Module 1.5
The Grammar of Graphics
- Have a look at the documentation for ggplot2
- Familiarize yourself with the
ggplot2
cheatseet - Generate a QMD file in your modules project folder so that you can code along with me and do the exercises.
If you have installed the Tidyverse, then you should already have the packages for this model, including ggplot2
. You can go ahead and load ggplot2
along with readr
and dplyr
.
Overview
In the last module we learned about the Tidyverse. This week we are going to delve into the key package used to visualize data in the context of the Tidyverse–ggplot2
. We will learn how to make bar charts (also known as column charts), histograms, line charts and scatter plots. Along the way we are going to be talking about the “grammar of graphics” that ggplot2
is based on.
The Grammar of Graphics
The “gg” in ggplot stands for “grammar of graphics”, which is a layered approach to constructing graphs based on a book by Leland Wilkinson.

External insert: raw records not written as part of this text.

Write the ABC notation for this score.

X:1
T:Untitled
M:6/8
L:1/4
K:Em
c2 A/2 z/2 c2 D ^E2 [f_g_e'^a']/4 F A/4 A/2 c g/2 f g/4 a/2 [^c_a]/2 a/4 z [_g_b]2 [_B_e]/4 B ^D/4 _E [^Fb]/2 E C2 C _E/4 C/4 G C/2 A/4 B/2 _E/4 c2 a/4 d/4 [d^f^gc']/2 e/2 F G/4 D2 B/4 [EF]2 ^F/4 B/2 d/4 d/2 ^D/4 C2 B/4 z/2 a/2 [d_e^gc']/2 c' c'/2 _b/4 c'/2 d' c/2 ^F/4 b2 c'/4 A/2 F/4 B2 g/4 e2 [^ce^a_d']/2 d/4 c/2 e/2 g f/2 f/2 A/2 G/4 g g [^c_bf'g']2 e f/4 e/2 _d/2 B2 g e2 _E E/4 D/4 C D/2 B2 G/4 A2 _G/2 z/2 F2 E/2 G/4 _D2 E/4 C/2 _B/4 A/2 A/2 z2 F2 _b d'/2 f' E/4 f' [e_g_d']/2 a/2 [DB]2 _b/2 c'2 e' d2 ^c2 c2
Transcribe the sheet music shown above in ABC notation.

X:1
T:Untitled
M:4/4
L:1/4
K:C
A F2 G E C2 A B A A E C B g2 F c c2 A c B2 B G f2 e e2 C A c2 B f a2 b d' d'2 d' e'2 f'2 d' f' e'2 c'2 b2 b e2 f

The grammar of graphics is a framework for thinking about how to construct visualizations in a consistent and coherent way. The basic idea behind it is that data visualization has a language with its own grammar, and that the elements of this grammar can be combined in a systematic way to create a wide variety of visualizations.

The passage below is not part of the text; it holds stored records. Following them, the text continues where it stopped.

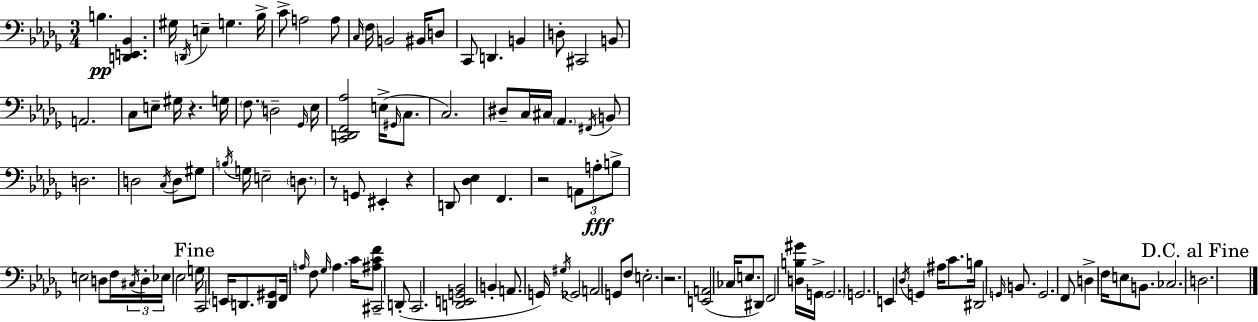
{
  \clef bass
  \numericTimeSignature
  \time 3/4
  \key bes \minor
  b4.\pp <d, e, bes,>4. | gis16 \acciaccatura { d,16 } e4-- g4. | bes16-> c'8-> a2 a8 | \grace { c16 } \parenthesize f16 b,2 bis,16 | \break d8 c,8 d,4. b,4 | d8-. cis,2 | b,8 a,2. | c8 e8-- gis16 r4. | \break g16 \parenthesize f8. d2-- | \grace { ges,16 } ees16 <c, d, f, aes>2 e16->( | \grace { gis,16 } c8. c2.) | dis8-- c16 cis16 \parenthesize aes,4. | \break \acciaccatura { fis,16 } b,8 d2. | d2 | \acciaccatura { c16 } d8 gis8 \acciaccatura { b16 } g16 e2-- | \parenthesize d8. r8 g,8 eis,4-. | \break r4 d,8 <des ees>4 | f,4. r2 | \tuplet 3/2 { a,8 a8-.\fff b8-> } e2 | d8 f16 \tuplet 3/2 { \acciaccatura { cis16 } d16-. ees16 } ees2 | \break \mark "Fine" g16 c,2 | \parenthesize e,16 d,8. <d, gis,>8 f,16 \grace { a16 } | f8 \grace { ges16 } a4. c'16 <ais c' f'>8 | cis,2-- d,8-.( c,2. | \break <d, e, g, bes,>2 | b,4-. a,8. | g,16) \acciaccatura { gis16 } ges,2 a,2 | g,8 f8 e2.-. | \break r2. | <e, a,>2( | ces16 e8. dis,8) | f,2 <d b gis'>16 g,16-> \parenthesize g,2. | \break g,2. | e,4 | \acciaccatura { des16 } g,4 ais16 c'8. | b16 dis,2 \grace { g,16 } b,8. | \break g,2. | f,8 d4-> f16 e8 b,8. | ces2. | \mark "D.C. al Fine" d2. | \break \bar "|."
}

The basic components of a ggplot2 visualization are the data that you want to visualize, the aesthetics (or dimensions) of the visualization, the geometric objects (or geoms) that you want to use to represent the data, and various other elements like color scales, themes, and annotations. As you will see, each of these elments is “added” onto the plot in a systematic way quite literally using the +
sign.
Which Visualization Do I Use?
Choosing the right visualization depends on the type of question you’re asking and the structure of your data. If you’re looking at trends over time, such as stock prices, a line chart is typically most effective. To show the distribution of a variable, like income within a country, use a histogram, density plot, or boxplot. When comparing values across categories—such as female labor force participation across MENA countries—a bar chart works well. Finally, to explore relationships between two variables, like poverty and inequality across countries, a scatterplot is the appropriate choice.
Bar charts
Let’s get started with our first visualization–a basic bar chart. Our aim here is going to be to summarize levels of democracy across different regions like we did in the last lesson, but this time we will illustrate the differences with a chart.

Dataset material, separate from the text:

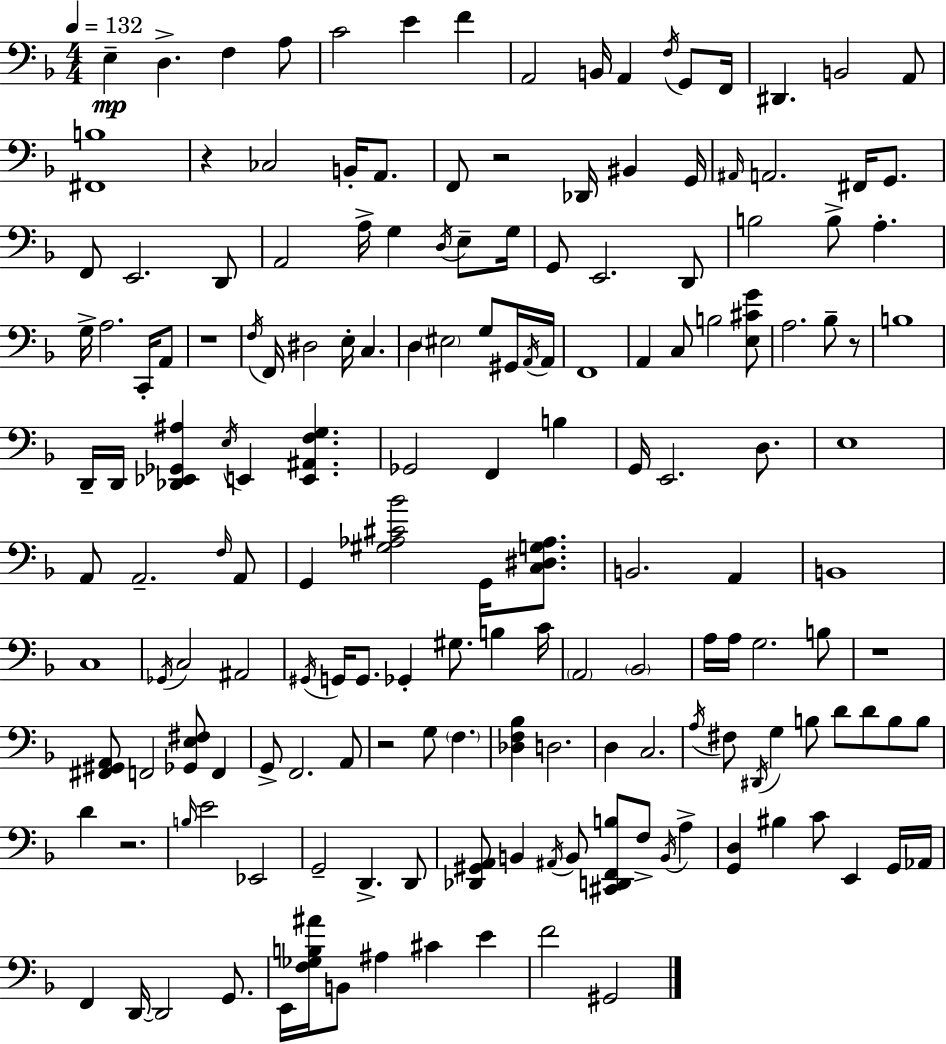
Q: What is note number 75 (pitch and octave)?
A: E3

We will start by loading in the dem_summary.csv
file that we made in the last lesson. You should already have it stored in your data
subfolder for this module. But just in case here it is again:
Next we will use these data for our first ggplot()
call. The ggplot()
function takes two arguments: data
and mapping
. data
refers to the data frame that includes the variables we want to visualize and mapping
refers to the aesthetics mappings for the visualization. The aesthetics mappings are themselves presented in a quoting function aes()
that defines the x and y values of the plot along with other aesthetic values like fill
, color
and linetype
. We will focus on x and y values here and return to these additional aesthetic values later.
After our ggplot()
call, we can add a series of additional functions to define our visualization following a +
sign. The most important group are the geoms which will define the basic type of plot we want to make. In this case, we are calling geom_col()
for our histogram and specifying that the fill color should be “steelblue.”
From there we will further customize our visualization with the labs()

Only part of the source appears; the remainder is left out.